Fitting The Pieces Together:

A Machine-Checked Model of Safe Composition

Benjamin Delaware, William R. Cook, Don Batory

abstract

Programs of a software product line can be synthesized by composing features which implement a unit of program functionality. In most product lines, only some combination of features are meaningful; feature models express the high-level domain constraints that govern feature compatibility. Product line developers also face the problem of safe composition- whether every product allowed by a feature model is type-safe when compiled and run. To study the problem of safe composition, we present Lightweight Feature Java (LFJ), an extension of Lightweight Java with support for features. We define a constraint-based type system for LFJ and prove its soundness using a full formalization of LFJ in Coq. In LFJ, soundness means that any composition of features that satisfies the typing constraints will generate a well-formed LJ program.
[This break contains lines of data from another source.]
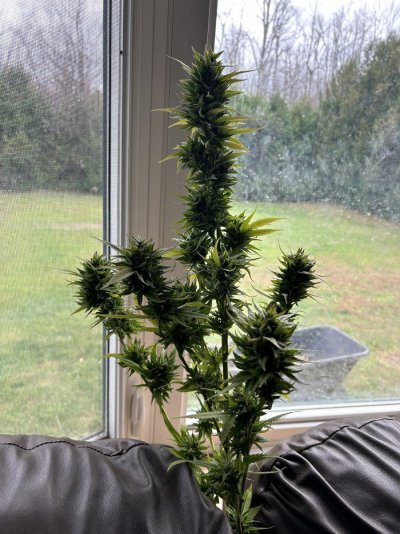 Let's see your 2024 outdoor grow!!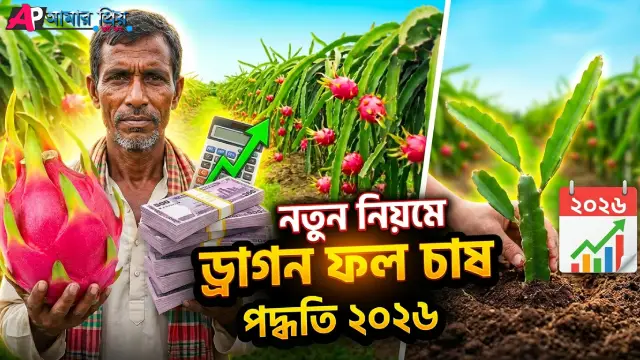 ড্রাগন ফল চাষ পদ্ধতি ও বাগান পরিচর্যা ২০২৬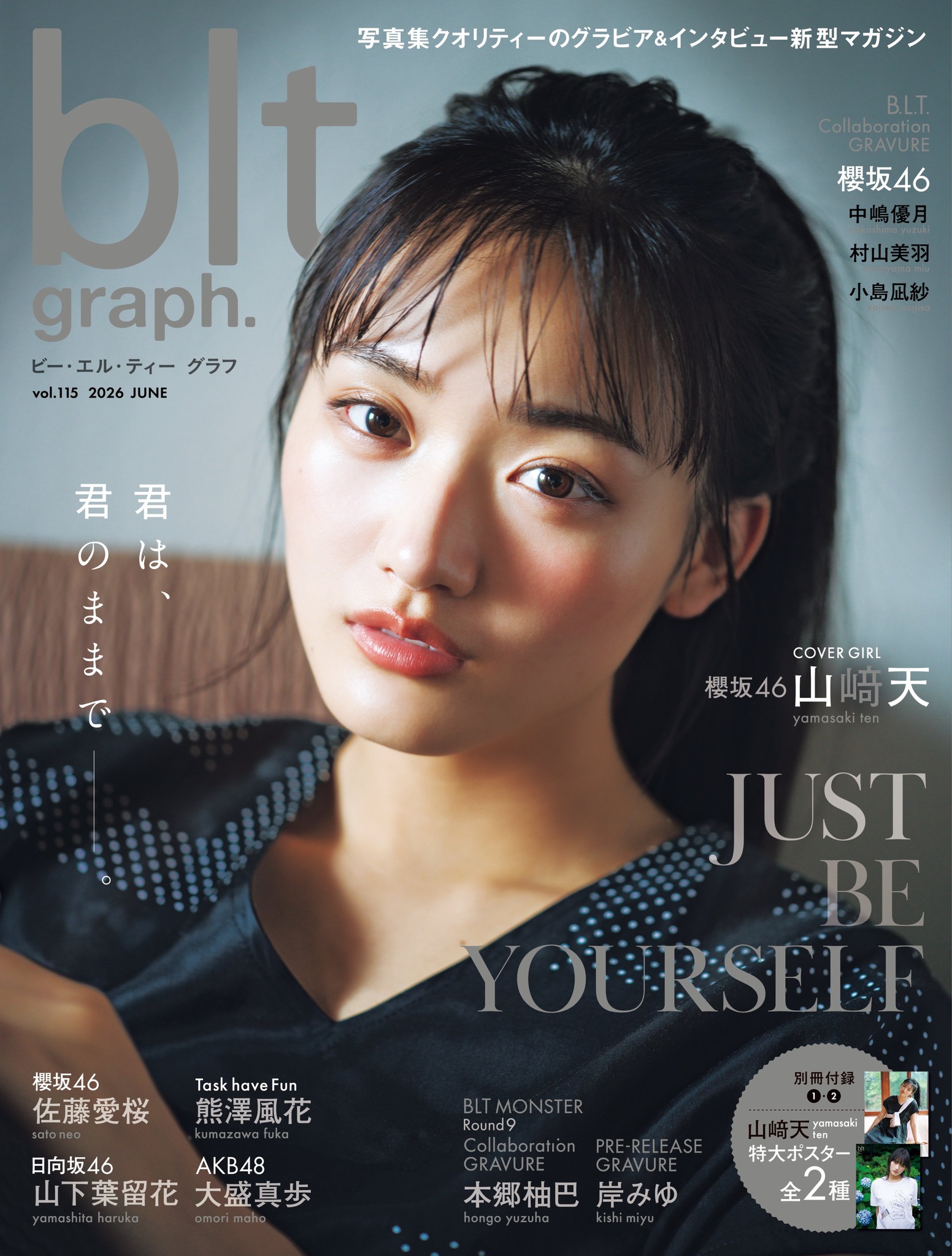 ◇◇◇ 𝐏𝐑𝐄-𝐑𝐄𝐋𝐄𝐀𝐒𝐄 𝐂𝐔𝐓 ◇◇◇ #bltgraph. vol.115 表紙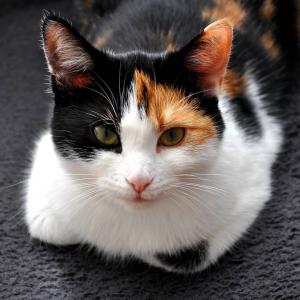 Miłka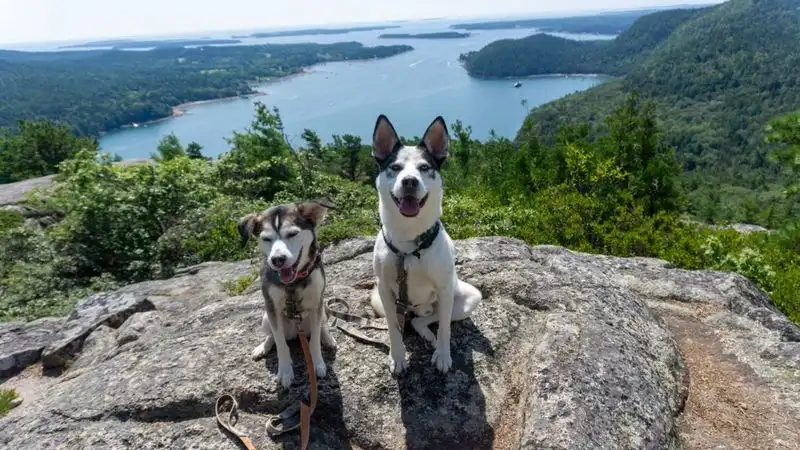 Acadia National Park (Maine)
If the constraints of a feature model imply these typing constraints then all programs allowed by the feature model are type-safe.

Source Files
lj_definitions.v Syntax and semantics of Lightweight Java.
lj_infrastructure.v Proof support for Lightweight Java soundness proofs.
lj_soundness.v Soundness of Lightweight Java's type system.
lj_constraint_definitions.v Definition of our constraint-based type system for Lightweight Java.
lj_constraint_infrastructure.v Proof support for constraint-based soundness proofs.
lj_constraint_soundness.v Soundness of our constraint-based type system for Lightweight Java.
LFJ_definitions.v Definition of our type system for Lightweight Feature Java.
LFJ_infrastructure.v Proof support for LFJ soundness proofs.
LFJ_soundness.v Soundness of our constraint-based type system for Lightweight Feature Java.
base2.v Custom tactics for above proofs.
Natmap.v Natural number-indexed maps used for environments.